Understand That You Get What You Pay For
Pentesting is an exceptionally challenging role. There are good pentesters, and there are not-so-good pentesters. What you are paying for is their experience so be careful of companies that pass your test onto less experienced staff. Remember a good penetration tester not only knows how to manually find your issues but communicates the issues and remediation requirements because if you don’t know understand the problem how can you fix it…….. you really do get what you pay for.
But, of course, it’s not only cost that you need to assess when testing pentesters. Ask about how they conduct pentests, what credentials they possess, and examine their client testimonials or their example reports. Ask if they have collaborated with companies like yours.
Prepare for Your Pentest
Okay, you’ve hired a pentester. What now?
It’s important to prepare for your pentest. You’ll need to know exactly what you wish to achieve, and what regulatory and compliance requirements you must follow. A good pentester will talk through these sorts of issues with you, and help to ensure you’re ready for what comes next.
You’ll need to schedule your test, coordinate with the pentester, and let your employees know that a pentest will be conducted.
Know What to Expect During the Pentest
Even though pentesting is a manual process, you can expect a lot of automated scans, as the pentester begins to search for ways into your system. So, work with your pentester to perform these when they will least affect your business.

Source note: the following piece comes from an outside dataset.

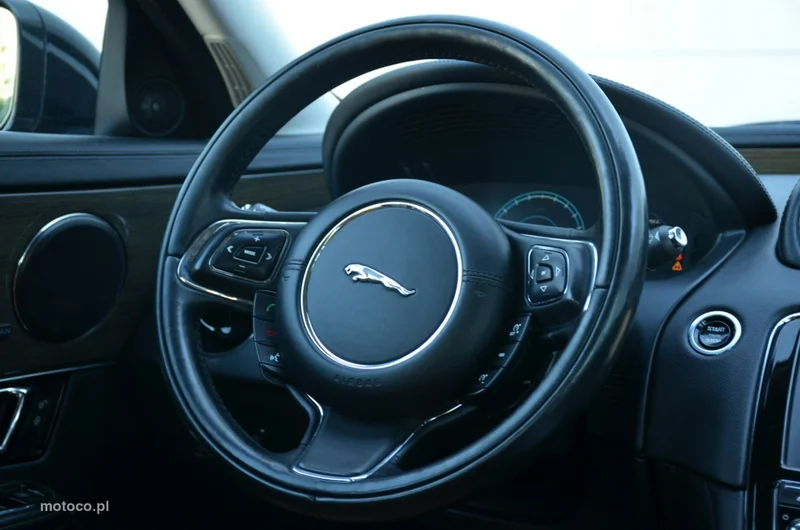 Jaguar XJ 43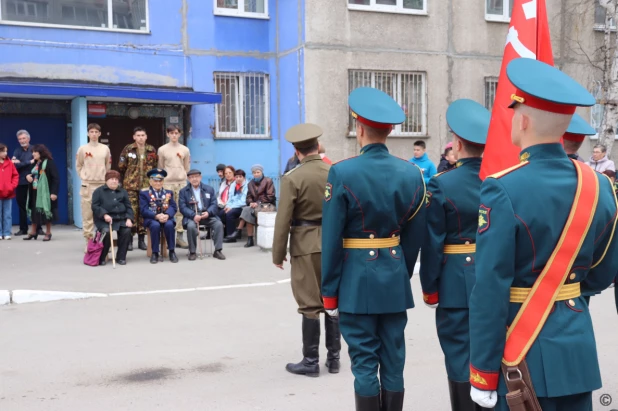 Акция "Парад у дома ветерана"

You should ensure that your IT department is readily available to the pentester. Because of how the test works, any issues that arise will need to be resolved quickly. It’s important to let your pentester know if what they are doing is impacting your business in any way.
Act on the Pentest Report
When the pentesting is complete, you’ll receive a report that details the findings of the pentest. Solutions to discovered issues will be included in the report, and it will also describe what was tested, how it was tested, and the limitations of testing.
From this report, you should develop an improvement (remediation) plan, which may include reconfiguring your software, installing patches, and updating code. You will need to close access points that you didn’t know were there.
Once you have completed all remediation work, you should be retested, to ensure the actions you have taken are successful.
How Do You Choose a Pentester?
The process for selecting pentesters can be long and difficult. You must make sure that you take your time to find the right pentesters for the job. To help you through this process, here are three crucial guidelines to follow:
- Pentesters come in all shapes and sizes — so when selecting a pentester, it is important to know exactly what type of qualifications they have or what type of work they have done in the past to find the best qualified person for your needs.
- The pentester should have an extensive understanding of penetration testing. This includes being intimately familiar with offensive security concepts, network vulnerabilities, system vulnerabilities, exploit mitigation defense techniques and application security standards.
- The pentester should help you prepare, talk you through the pentest, and work to your schedule.